Perhaps that's what kept me from my regularly scheduled and rarely missed speedworkish run of yesterday morning.

I woke up, felt immediately not great and then decided that I'd earned a morning off from running. I mean, I *could* have hopped up and gone about my life as normal, but I didn't. I called up a semi-recent event in which I learned an important lesson about listening to one's keener instincts and decided that if my body and mind weren't syncing this morning, that I wasn't going to push it.

And I didn't. Instead, I went out the garden in my underpants and picked tomatoes.

Because, as you know, my life makes a shitload of sense and I spend a lot of it entertaining our neighbors and convincing them to keep their blinds drawn.

Perhaps my body/mind/soul felt more like being the village idiot than the neighborhood runner. Which is fine. I can do both. I'm versatile like that.

But tomorrow, I'll go out and do my speedworkish run and think about the comment I read recently, somewhere I've now forgotten, that said something to the tune of, "If you don't train to run fast, you won't run fast."

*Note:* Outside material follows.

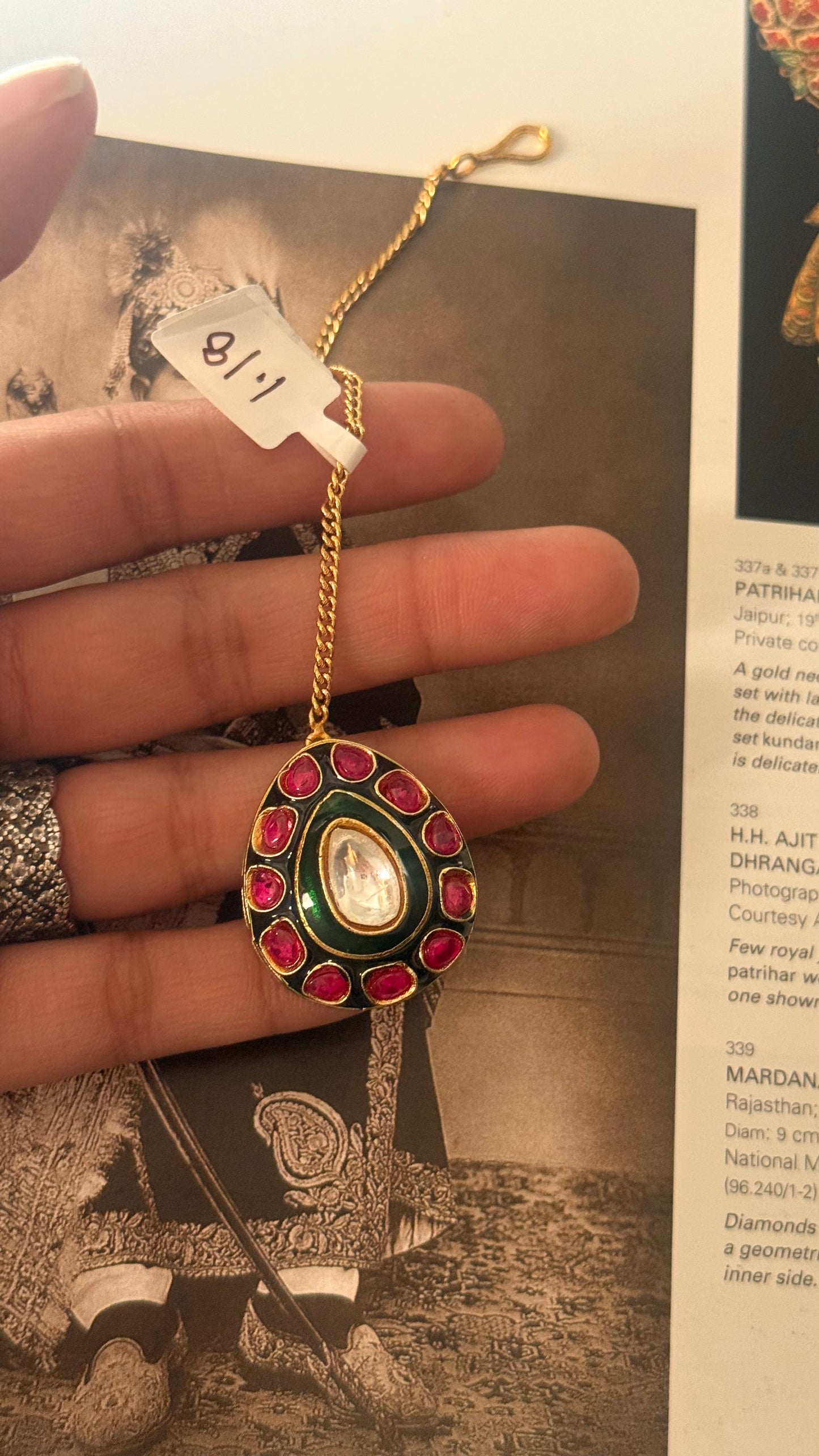 Rani pink emerald meenakari tear drop maangtika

This comment is one of those that as soon as I heard it, I knew it was going to rattle around in my pea brain until I took it seriously. And here I am, something like a week or so later, with it starting to rattle. And with this rattling comes the sincere understanding that I'm not training to run fast even though I'm doing these speedworkish runs.

Because I know, if I want to run faster, and I *think* I do, I need to train to run faster. I just have to come to grips with how that running faster business will impact my life and how much math is realistically involved.

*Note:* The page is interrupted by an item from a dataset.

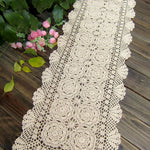 serviette table coton crochetée motifs floraux vintage beige clair réutilisable table manger mariage fête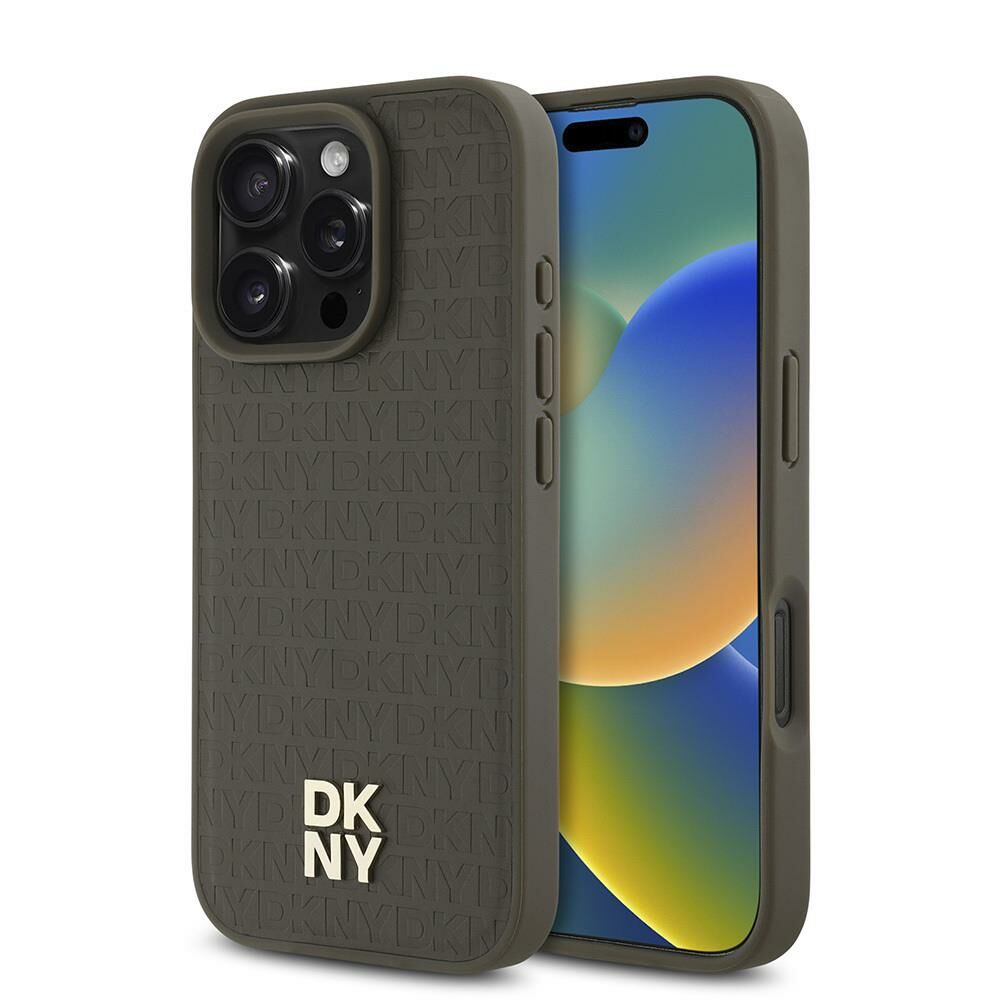 Apple iPhone 16 Pro Kılıf DKNY Orijinal Lisanslı Magsafe Şarj Özellikli 3D Yazılı Repeat Pattern Kapak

Good thing I'm going on vacation in a few weeks and can promptly forget about it! Yay for vacation cocktail hour at 2pm! Yay for taking a break from training five weeks before a half marathon!

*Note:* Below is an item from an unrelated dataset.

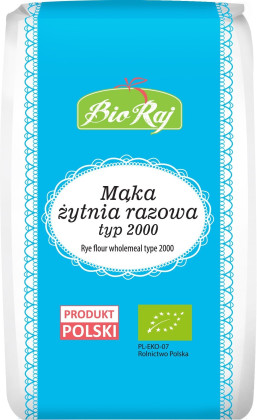Mąka żytnia razowa typ 2000 BIO (POLSKA) 1 kg - BIO RAJ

See - told you my life made a shitload of sense.

Tuesday, August 11, 2009

What the F I do with a ton of radishes.

Only part of the ton.

If you're like me (and, hey, in my self-absorbed world, everyone is like me), your culinary skills can only imagine so much with a giant pile of radishes.

To me, radishes = salad or taco topping. Done. That is all one does with radishes.

And then one becomes a member of a farm share and fills one's crisper with radishes every week to the point where they're even edging out the prolific beets and carrots and it all starts to get a little cozy and root vegetable-y in there.

Every week I stare at the new pile of radishes and think, "Dude. Something must be done about all these fucking radishes.", and then I add them to the crisper bag with the old hundred radishes and go on with my life in which I eat every other vegetable known to man except radishes until the next week's share arrives and, alas, I'm faced again with a dose of radishes until the pile becomes insurmountable and something drastic must be done. Or else. Dun dun duuuuuuuuun.

Yes, I have vegetable drama.

Well, last week was the height of Radish Insurmountability because the bag in which I had been storing my weekly radish ration became full. I could no longer twist the top and put it back in the crisper to forget for another week of life.

Panic.

Because, really, what the F do you do with a ton of radishes?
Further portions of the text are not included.